DATA PROVIDED:
==============================
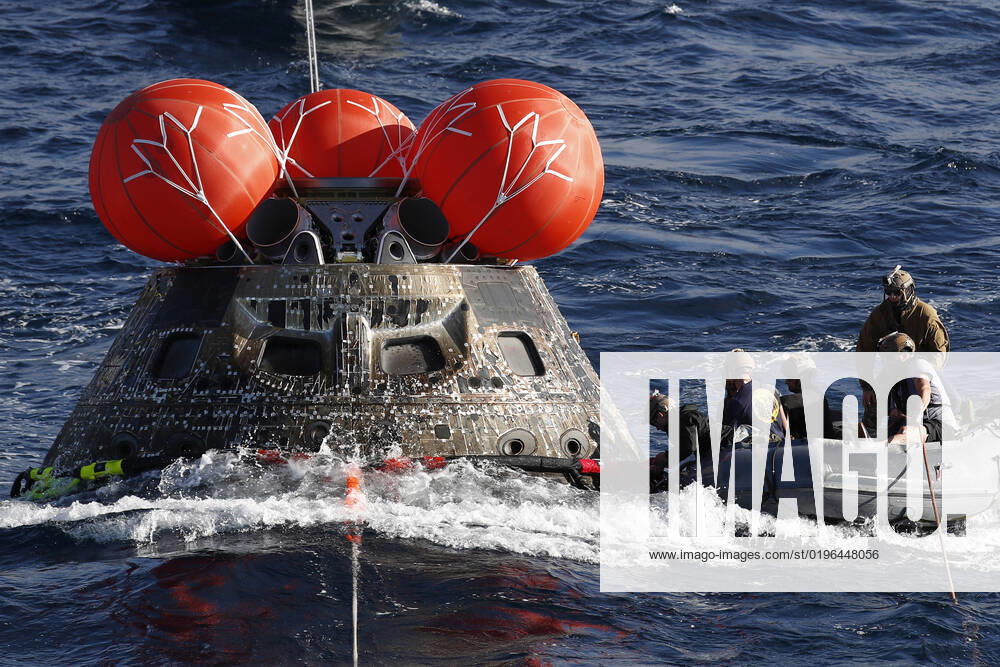 U.S. Navy divers attach winch cables to NASA s Orion capsule after being successfully secured off the coast of Baja California, Mexico, on Sunday, December 11, 2022. . The 26-day Artemis I mission took the Orion spacecraft to the moon and back to complete a historic flight. Pool CALP2022121190 CAROLINExBREHMAN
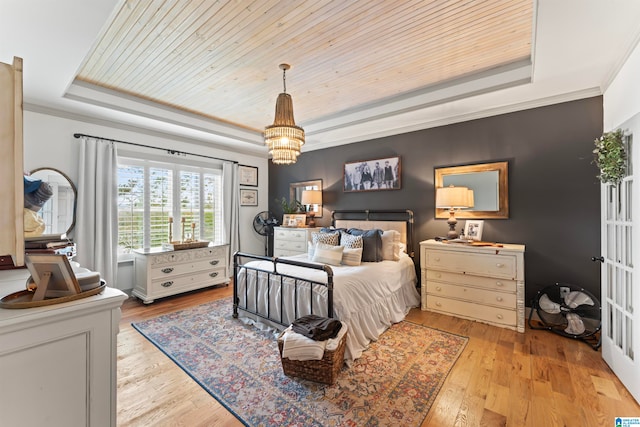 bedroom featuring a tray ceiling, wooden ceiling, crown molding, light hardwood / wood-style flooring, and an inviting chandelier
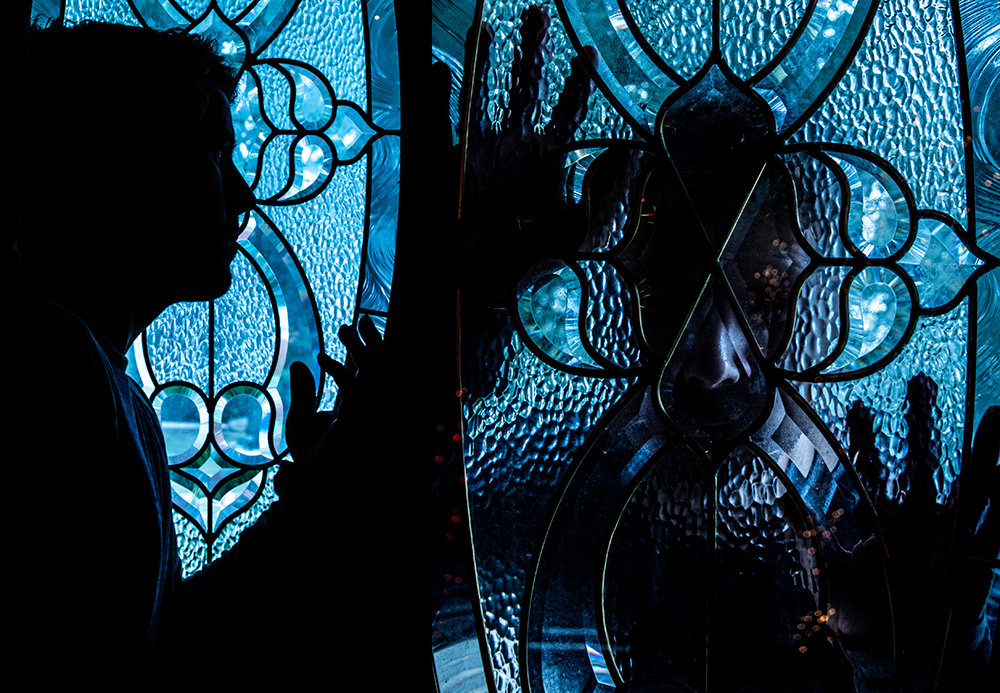 photograph of silhouette against glass, and man outside of glass door window.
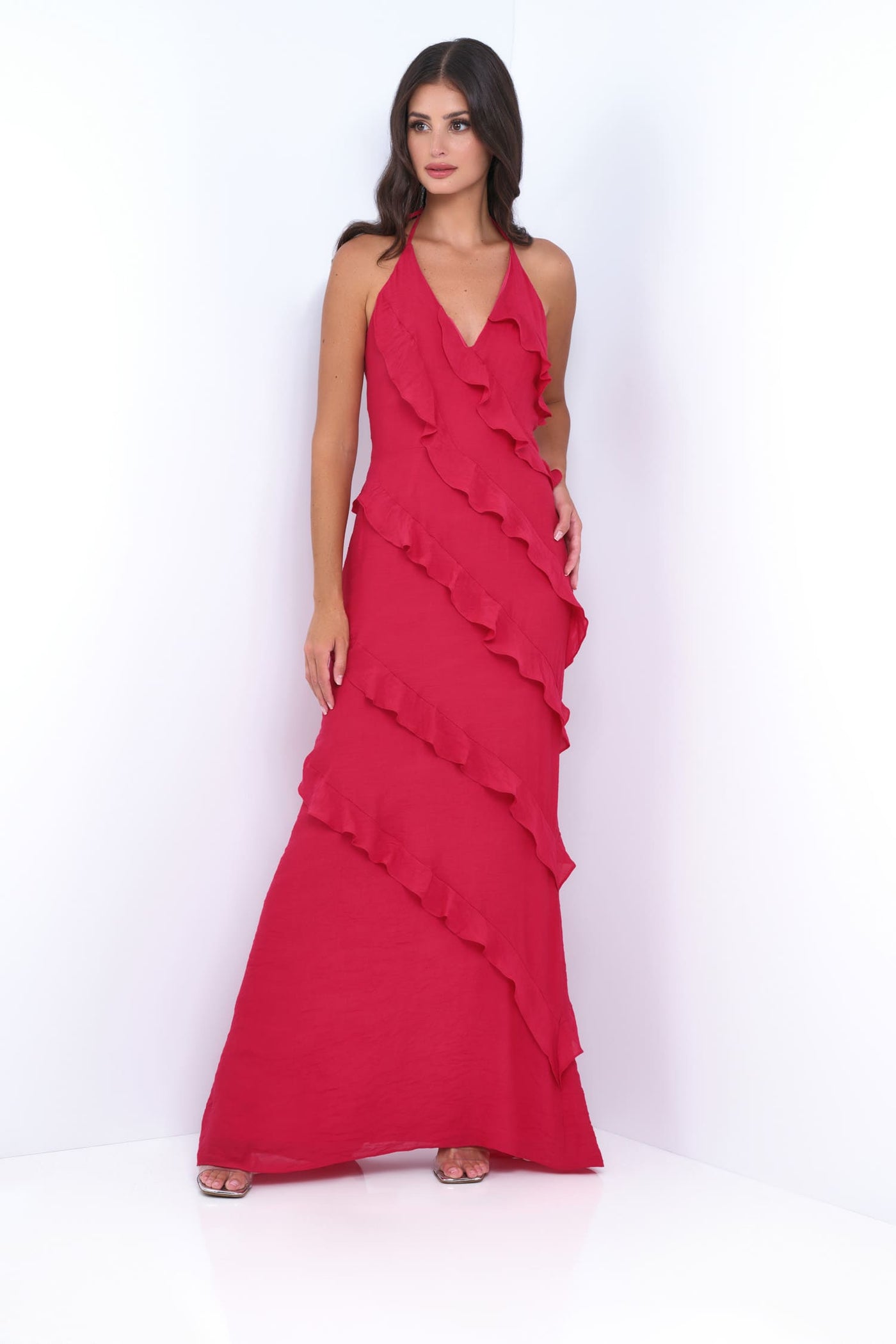 Woman wearing a red evening gown with ruffled layers on a white background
==============================
PROBLEM TO SOLVE:
Copy the preceding data in full and word for word, dropping its pictures.

ANSWER FOR THE TASK:
 U.S. Navy divers attach winch cables to NASA s Orion capsule after being successfully secured off the coast of Baja California, Mexico, on Sunday, December 11, 2022. . The 26-day Artemis I mission took the Orion spacecraft to the moon and back to complete a historic flight. Pool CALP2022121190 CAROLINExBREHMAN
 bedroom featuring a tray ceiling, wooden ceiling, crown molding, light hardwood / wood-style flooring, and an inviting chandelier
 photograph of silhouette against glass, and man outside of glass door window.
 Woman wearing a red evening gown with ruffled layers on a white background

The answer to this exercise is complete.